Good on Taxes, Bad on Trade

David R. Henderson on Seeds of Destruction by Glenn Hubbard and Peter Navarro.

Glenn Hubbard and Peter Navarro. Seeds of Destruction. FT Press. 266 Pages. $26.99.

With all the economic uncertainty, with the unemployment rate close to double digits, with the financial and housing crises not yet resolved, and with Congress having passed a health care law that restructures over one-seventh of the economy, we have been due for a book by seasoned economists that looks at the big picture and proposes solutions. Is Seeds of Destruction, by economists Glenn Hubbard and Peter Navarro, that book? Some economists and economic journalists whose work I respect — my Hoover colleagues John Cogan and John B. Taylor, and economics writer Amity Shlaes, for example — say yes. But I disagree with them.

Seeds of Destruction could have been that book. For one, it deals with most of the important economic issues — health care, tax policy, Social Security, and trade policy — and has some good insights into and policy proposals for some of them, especially tax policy. And Hubbard, having been President George W. Bush’s first chairman of the Council of Economic Advisers, and deservedly so, is certainly in a position to have knowledge, both wide and deep, of the issues. But Seeds of Destruction sometimes just gets the facts plain wrong, and the authors’ analysis is, on occasion, also outright wrong. Moreover, the policy they propose on oil would prop up the monopoly power of the Organization of Petroleum Exporting Countries (opec), and yet they write not a word about this downside.

Start with the positives. The strongest chapter, by far, is the one titled, “Why You Can’t Stimulate Your Way to Prosperity.” This case against using increases in government spending as a countercyclical policy to end a recession is a nice blend of economic and political analysis. Hubbard and Navarro point out what has long been an argument against such policies: the often long lag between when a law increases spending and when the spending actually occurs. But they go further and draw on some more-recent research by Harvard economists Alberto Alesina and Silvia Ardagna that has justifiably received much attention. Alesina and Ardagna, examining fiscal stimulus in 21 countries, found that the most successful ones relied “almost entirely on cuts in business and income taxes” and that the least successful relied on increased government spending.

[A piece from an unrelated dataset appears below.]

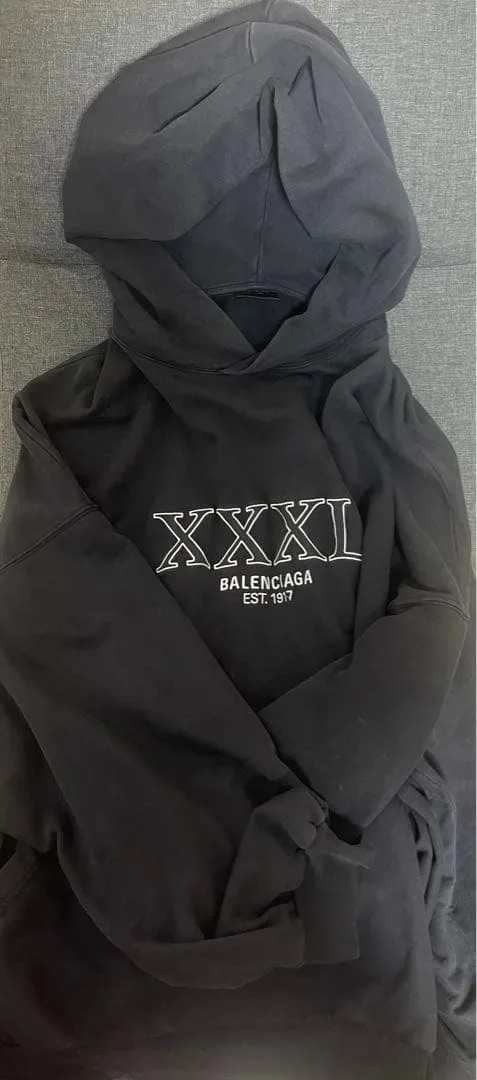 BALENCIAGA フーディー パーカー バレンシアガ 3xl xxxl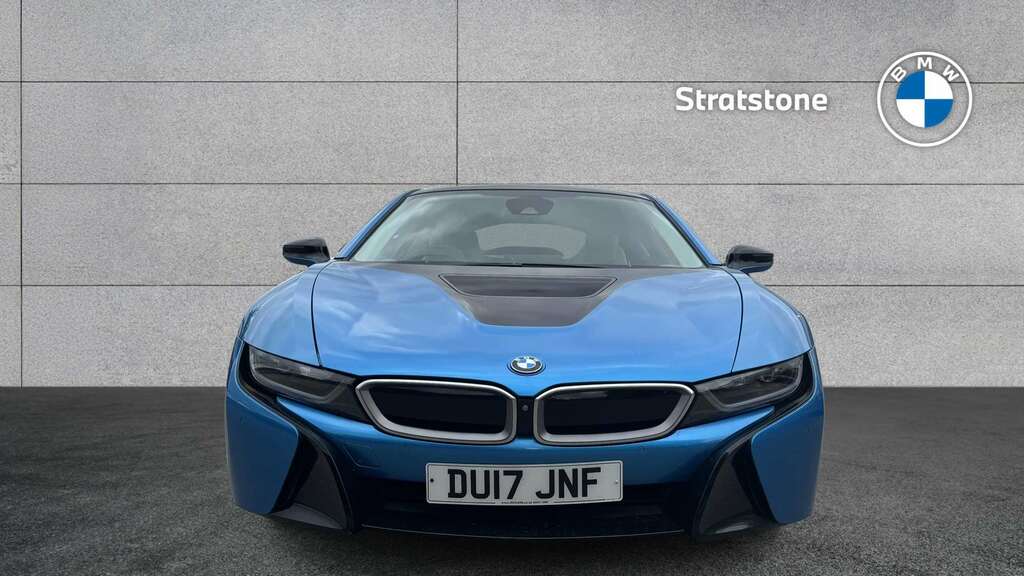 BMW i8 1.5 7.1Kwh Coupe 4Wd Silver #5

Moreover, note Hubbard and Navarro, Christina Romer, Obama’s first chair of the Council of Economic Advisers, and her husband, David Romer, an economist at uc Berkeley, found that hiking taxes, as Obama has now done by letting the Bush tax cuts expire, leads to a strong negative effect on gross domestic product. The authors also point out, as did Obama adviser Lawrence Summers, that any increase in government spending should be targeted and temporary. They write that, instead, “the Democrats used their majorities in both houses of Congress to pass pet projects and programs that were only tangentially related to the stimulus” and these programs were designed to be permanent. Even Obama’s own budget director, Peter Orszag, they note, stated that grants for alternate energy sources “are totally impractical for countercyclical [anti-recession] policy.” But in January 2009, when the newly sworn-in President Obama was “at the height of his popularity and power,” he inexcusably outsourced the stimulus bill to Senate Majority Leader Harry Reid and House Speaker Nancy Pelosi. No wonder Romer, Summers, and Orszag are leaving or have left the sinking Obama ship.

The chapter on tax policy is also one of the book’s strengths. Hubbard and Navarro lay out just how destructive the federal tax system is or soon will be. They point out that by letting the Bush tax cuts expire, President Obama and the U.S. Congress are letting the long-term capital gains tax rate rise from fifteen percent to twenty percent and the top rate on dividends rise from fifteen percent to a whopping 39.6 percent. Moreover, they point out, the new health care law will impose a further 3.8-percentage-point increase in the tax rate on so-called “unearned income,” the term used for income from realized capital gains, interest, and dividends. That means that the top rate on capital gains will rise from fifteen percent to 23.8 percent and on dividend income from fifteen percent to 43.4 percent, almost tripling. Meanwhile, the United States has one of the highest tax rates on corporate income in the world. High corporate tax rates discourage capital formation and, therefore, people’s real wages. The authors cite a finding in a study by the Organization for Economic Cooperation and Development that corporate taxes harm economic growth more than other taxes. They write, “America’s current tax system is a train wreck when it comes to capital formation, job creation, and long-term economic growth.”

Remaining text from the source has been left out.